TL;DR
R.I.P. DHT Hydras
Recently, it was found that Hydra peers were declining in quantity, and ultimately on 2023-04-20 the last Hydra node stopped providing network bridging to IPNI (the InterPlanetary Network Indexer). Internal studies show that Hdyras provided less a ~10% performance gain in the IPFS DHT network. Given the substantial cost of Hydra’s operation, Protocol Labs conducted a "Hydra Dial Down" experiment in December, 2022. The result of this experiment showed low risk and impact, and therefore, we have decided to leave the Hydras non functional replacing their bridging function with a direct path to IPNI on 2023-05-04 from popular gateways like ipfs.io/dweb.link.

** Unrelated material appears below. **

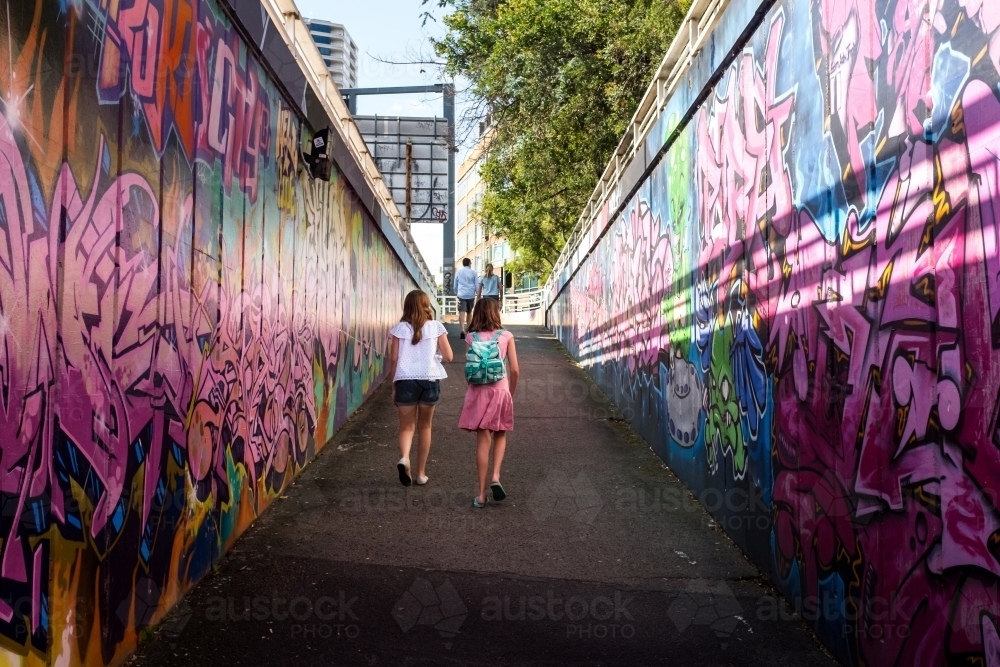 tourist family walking the streets of Melbourne - Australian Stock Image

The exciting news is that allowing the Hydras to drawdown was largely unrecognized by the majority of network participants due to the effective redundant content routing systems now in place. In fact in some areas network performance may have even improved!
Pointers
- Results of the ProbeLab Hydra network performance impact study: https://github.com/protocol/network-measurements/blob/master/results/rfm21-hydras-performance-contribution.md
- IPFS Camp 2022 Talk on “The IPFS Network From The Hydra’s PoV”: https://youtu.be/zhzxJGoLTg0
- Hydra dialdown discussion from Content Routing WG April 16, 2023 Content Routing WG #9 Brussels Hydra drawdown discussion
Details
Hydras have been serving three primary purposes, but when compared with the cost of operation, they do not provide enough performance advantage to justify continued operation:
- Faster access to the Provider Records, i.e., reduced latency.

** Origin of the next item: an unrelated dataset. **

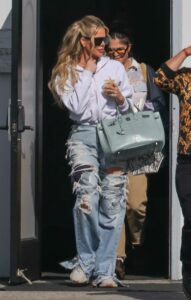 Khloe Kardashian in a Blue Ripped Jeans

- As observed by the hydra dialdown study by ProbeLab, p95 traffic impact is ~12% slower in terms of TTFB.
- Availability of Provider Records, given that Hydras are generally stable and online, whereas normal DHT nodes churn (i.e., if all 20 peers where the Provider Record is stored go offline, the content becomes unreachable).
- According to another one of ProbeLab’s studies on the Liveness of Provider Records in the IPFS network, it turns out that provider records stay available in the network regardless of Hydra’s presence for longer than the “reprovide interval” (see Section 4.3 of the relevant report).
- A “bridge” to services such as InterPlanetary Network Indexers (IPNIs) like cid.contact which advertise content from large providers like web3.storage and Filecoin nodes.
- The necessity for this bridge has been mitigated now that IPFS implementations like Kubo have defaulted to querying cid.contact in parallel to the DHT since 0.18 [1]. Popular HTTP gateways like ipfs.io/dweb.link have enabled this dual querying of the DHT and cid.contact.
Timeline
On March 18, 2023, we encountered a problem where replacement Hydra nodes could not start due to a Docker credential issue. This resulted in a steady decrease in the total number of Hydra nodes available on our network.
By April 20, 2023, there were no Hydra nodes running, causing an impact on the availability of certain content on the network. Due to low impact on network traffic, this went undetected until May 2. We understand the inconvenience this might have caused our users, and we sincerely apologize for it.
Today, we are pleased to announce that we have implemented solutions to negate the impact and by the time you read this, the patch will be tested and deployed. In particular, and as noted earlier, both kubo-v0.18 and later releases, as well as popular gateways such as ipfs.io and dweb.link have been configured (as of 2023-05-04) to query the IPFS DHT and cid.contact in parallel so that bridging happens transparently.
Why wasn’t this recognized or communicated in advance?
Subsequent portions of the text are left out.